- Born: November 19, 1930 Wytheville, Virginia
- Died: April 11, 2011 (aged 80) San Diego, California
- Occupation: Environmental Planner
- Known for: Women's rights advocacy

= Anne Ewing =

American biologist and activist

Anne Ewing (November 19, 1930 - April 11, 2011) was an American biologist and activist for women's rights. She is known for her advocacy for women's rights and her role in removing racist and sexist language from primary school readers in California.

==Early life and education==
Ewing was born Ann Drayton Heuser on November 19, 1930, in the upstairs bedroom of her family's home located in Wytheville, Virginia. As a student she wanted to study chemistry but was told that subject was only for men. She earned her undergraduate degree in biology from the College of William and Mary in Virginia, and a master's degree in botany from the University of Tennessee in the 1950s.

==Career==
===Researcher===
Ewing worked as a research fellow for three years (1972-1975) at Scripps Institution of Oceanography in La Jolla, California, designing and conducting research to understand salt-tolerance in plants. Later, she worked in the Planning and Land Use Office of the County of San Diego (1975-1995). Ewing worked to protect numerous native plants and animals from losing their homes to development projects. She also was a lead planner for the Otay Ranch section of Chula Vista, California. Additionally, she was an active member of the Torrey Pines Association, a non-profit organization that encourages public interest in the preservation of the Torrey pine tree and its habitat.

===Activist===
Ewing began her activism as a college student and participated in the civil rights movement in the segregated south when she was 20 years old. After moving to San Diego in 1968, she became involved with women's rights issues.

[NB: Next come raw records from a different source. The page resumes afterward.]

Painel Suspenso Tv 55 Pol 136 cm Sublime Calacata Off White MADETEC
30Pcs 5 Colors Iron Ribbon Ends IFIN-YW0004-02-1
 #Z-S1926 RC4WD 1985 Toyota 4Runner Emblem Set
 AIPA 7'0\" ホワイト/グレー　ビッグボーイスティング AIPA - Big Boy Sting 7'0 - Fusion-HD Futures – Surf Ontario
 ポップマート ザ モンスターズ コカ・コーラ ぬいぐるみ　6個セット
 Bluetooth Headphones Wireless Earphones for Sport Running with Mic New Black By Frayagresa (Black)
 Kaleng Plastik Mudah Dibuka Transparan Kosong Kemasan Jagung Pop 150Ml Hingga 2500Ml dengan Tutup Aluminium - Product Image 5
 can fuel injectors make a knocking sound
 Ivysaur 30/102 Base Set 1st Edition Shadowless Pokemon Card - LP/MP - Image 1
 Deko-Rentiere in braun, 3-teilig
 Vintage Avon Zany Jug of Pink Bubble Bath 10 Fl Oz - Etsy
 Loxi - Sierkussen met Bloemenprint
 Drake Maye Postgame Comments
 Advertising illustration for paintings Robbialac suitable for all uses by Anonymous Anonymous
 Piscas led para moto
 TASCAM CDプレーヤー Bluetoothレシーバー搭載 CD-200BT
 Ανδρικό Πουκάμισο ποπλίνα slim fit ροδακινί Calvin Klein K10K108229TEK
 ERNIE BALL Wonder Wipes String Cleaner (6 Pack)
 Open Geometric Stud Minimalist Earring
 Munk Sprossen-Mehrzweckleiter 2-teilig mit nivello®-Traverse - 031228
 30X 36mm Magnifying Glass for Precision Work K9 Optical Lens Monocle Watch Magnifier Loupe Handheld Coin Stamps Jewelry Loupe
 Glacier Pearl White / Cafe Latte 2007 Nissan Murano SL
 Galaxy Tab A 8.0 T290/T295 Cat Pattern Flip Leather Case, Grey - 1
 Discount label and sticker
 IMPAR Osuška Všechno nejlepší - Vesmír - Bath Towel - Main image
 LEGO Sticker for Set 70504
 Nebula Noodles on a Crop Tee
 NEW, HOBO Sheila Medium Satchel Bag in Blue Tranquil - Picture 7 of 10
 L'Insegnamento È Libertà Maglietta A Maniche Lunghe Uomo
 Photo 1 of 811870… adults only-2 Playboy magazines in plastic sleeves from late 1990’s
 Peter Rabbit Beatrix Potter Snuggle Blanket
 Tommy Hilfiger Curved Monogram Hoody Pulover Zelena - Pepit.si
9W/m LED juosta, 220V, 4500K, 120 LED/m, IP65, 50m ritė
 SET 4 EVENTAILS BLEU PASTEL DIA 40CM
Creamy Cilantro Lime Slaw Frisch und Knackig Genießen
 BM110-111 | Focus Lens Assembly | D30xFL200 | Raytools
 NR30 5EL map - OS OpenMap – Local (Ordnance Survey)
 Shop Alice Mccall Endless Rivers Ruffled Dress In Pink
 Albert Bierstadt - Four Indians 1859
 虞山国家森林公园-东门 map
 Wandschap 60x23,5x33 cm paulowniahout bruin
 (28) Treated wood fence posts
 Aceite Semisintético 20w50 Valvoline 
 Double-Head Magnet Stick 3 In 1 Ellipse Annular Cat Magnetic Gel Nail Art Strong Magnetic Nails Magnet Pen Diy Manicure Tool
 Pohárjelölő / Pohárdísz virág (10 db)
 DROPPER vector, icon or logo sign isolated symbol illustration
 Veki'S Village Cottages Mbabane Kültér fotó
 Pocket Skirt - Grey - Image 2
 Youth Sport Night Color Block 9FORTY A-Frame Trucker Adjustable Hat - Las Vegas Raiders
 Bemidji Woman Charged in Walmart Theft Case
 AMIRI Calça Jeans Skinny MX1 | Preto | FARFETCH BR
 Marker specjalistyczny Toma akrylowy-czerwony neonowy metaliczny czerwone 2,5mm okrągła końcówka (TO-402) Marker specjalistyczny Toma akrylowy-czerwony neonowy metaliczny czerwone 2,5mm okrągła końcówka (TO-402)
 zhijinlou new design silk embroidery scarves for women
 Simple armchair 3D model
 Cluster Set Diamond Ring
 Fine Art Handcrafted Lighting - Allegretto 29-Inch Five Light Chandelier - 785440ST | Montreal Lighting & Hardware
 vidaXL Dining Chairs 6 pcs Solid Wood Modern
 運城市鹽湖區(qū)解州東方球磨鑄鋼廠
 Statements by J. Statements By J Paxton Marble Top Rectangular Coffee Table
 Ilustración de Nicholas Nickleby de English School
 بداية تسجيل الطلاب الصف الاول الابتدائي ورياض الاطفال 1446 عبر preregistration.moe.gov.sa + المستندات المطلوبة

In the early 1970s, she joined the San Diego County Chapter of NOW, the National Organization for Women, and began working on the Education Task Force. As part of that organization, she worked hard in support of Title IX, an amendment to the 1965 Higher Education Act securing equal access to educational programs—including sports programs—regardless of sex, until its passage in 1972.

Ewing then began to work for the elimination of sexist and racist readers in the primary schools. As a part of that effort, Ewing served as the chair of California NOW's Education Task Force. On June 7, 1974, she wrote a guest editorial in The San Diego Union entitled, "Are California's textbooks fair to Jane?: Stereotypes Remain In Latest Materials". Under Ewing's leadership, a coalition of women's and minority groups, including California NOW, presented a report to the California State Board of Education that clearly showed that the readers being used in the primary schools contained sexist and racist themes. The coalition requested that the Board remove these readers and replace them with more appropriate texts. When the Board refused, the coalition threatened to sue it over their reluctance to enact the requested change. Eventually, the Board yielded and banned texts that had obvious sexism and racism, using criteria developed by Ewing. The new readers removed racist and sexist language and included the contributions of both men and women in all types of roles, including professional, vocational, and executive. Publishers were also forced to change the books nationwide because California was the largest buyer of textbooks in the country.

==Personal life==
Ewing was also a strong supporter of women's rights to choose an abortion (pro-choice), and worked for passage of the Equal Rights Amendment. She also served as the President of the San Diego County Chapter of NOW from 1975 to 1976. In 1976, she founded the San Diego County Chapter of the National Women's Political Caucus, and served as its president from 1976 to 1978.

Ewing died on April 11, 2011, of chronic obstructive pulmonary disorder at the age of 80 in her home in San Diego, California.